# TO DO
Starting at the line with "Troonz Slaapstoel Lodi" and stopping at the final line, retype the data below exactly; do not carry over any pictures.

[Captioned web images]
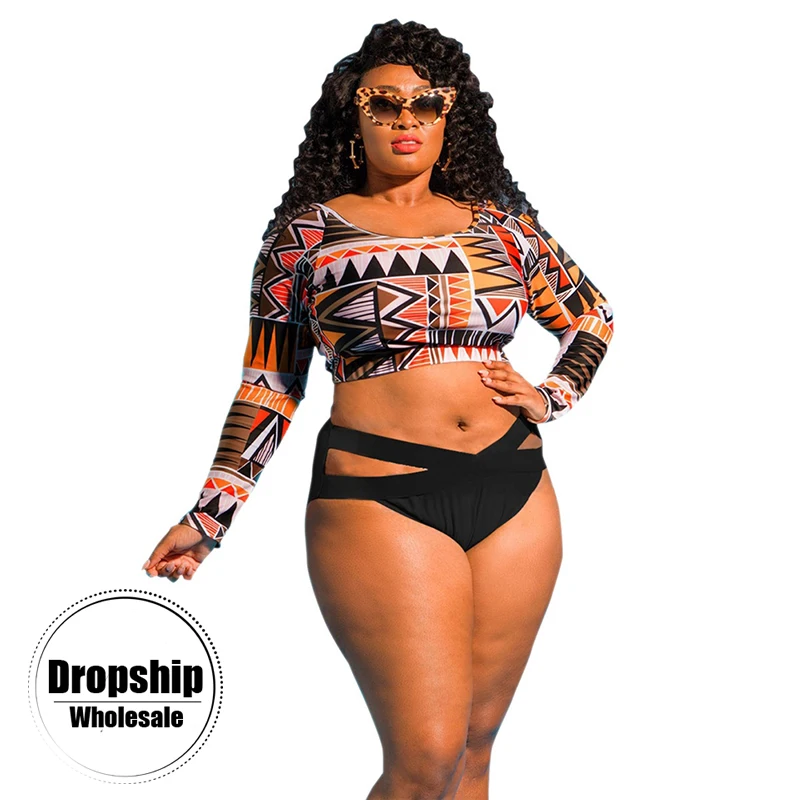 

5XL Print Women Bikini Set Sexy Push up Bikinis Summer Long sleeves Swimsuit Swimming Beach Swimwear Slimming Bodysuit Big Size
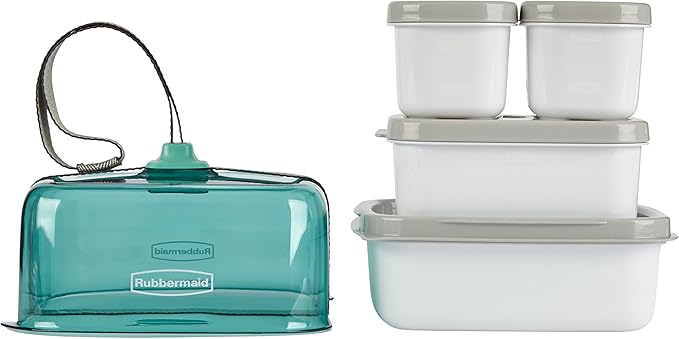 Rubbermaid Fasten + Go Sandwich Kit, Sea Foam Green, 4-Piece Set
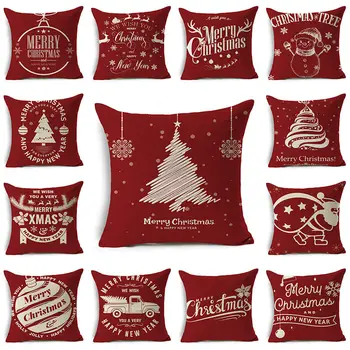 Kalėdų Laimingas raudona animacinių filmų lino spausdinti užvalkalas Kalėdų dovana, gyvenamasis kambarys sofos, miegamojo automobilio sėdynės pagalvėlė padengti 45*45cm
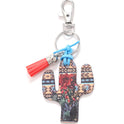 Wooden Cactus Keychain Leopard Flower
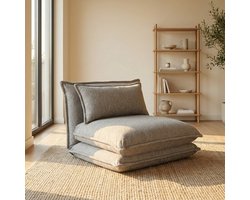 Troonz Slaapstoel Lodi – Inklapbare Slaapbank – Slaapfauteuil 1 Persoon – Verstelbare Rugleuning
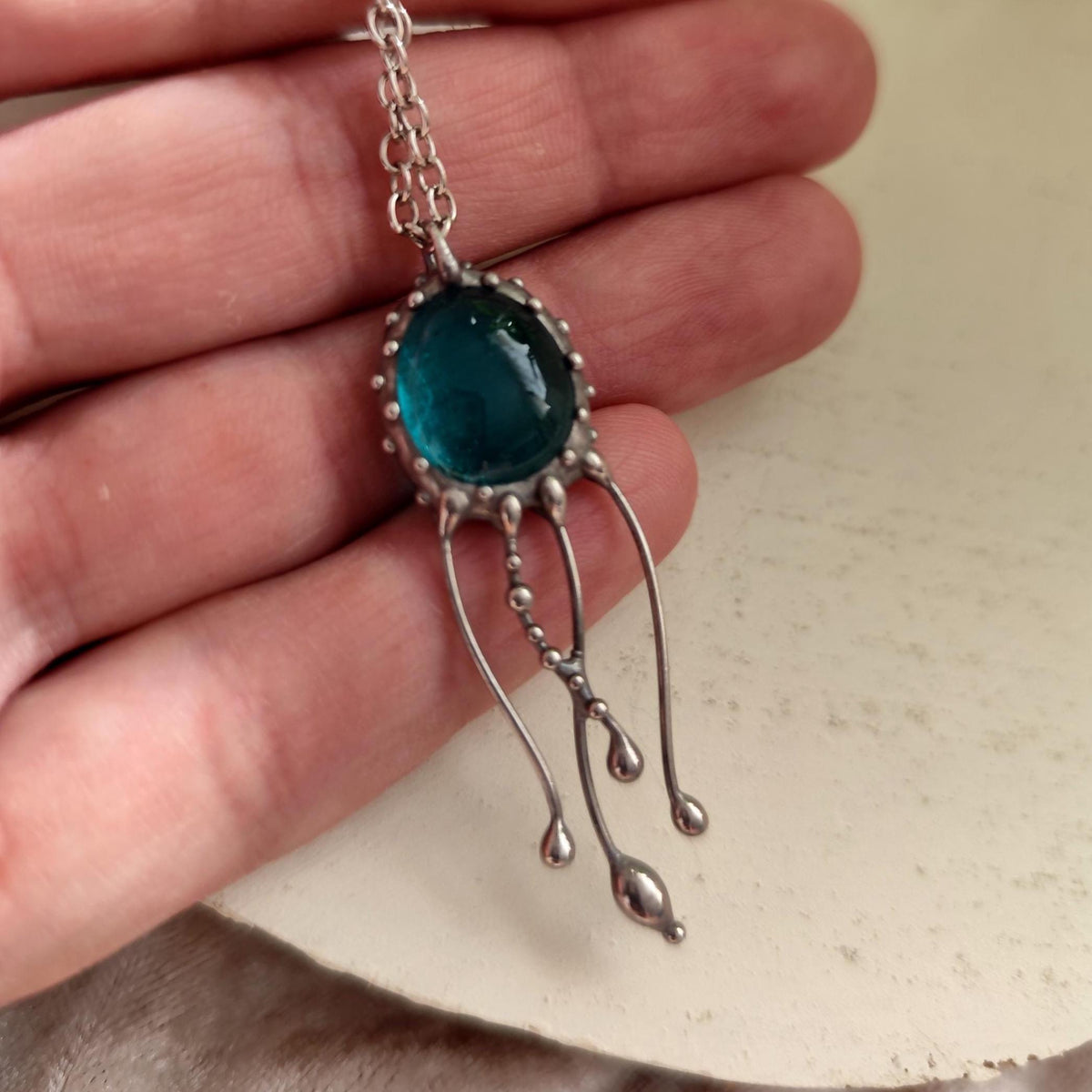 Blue Stained Glass Jellyfish Necklace – Silver Tone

# SOLUTION TO THE PROBLEM
 Troonz Slaapstoel Lodi – Inklapbare Slaapbank – Slaapfauteuil 1 Persoon – Verstelbare Rugleuning
 Blue Stained Glass Jellyfish Necklace – Silver Tone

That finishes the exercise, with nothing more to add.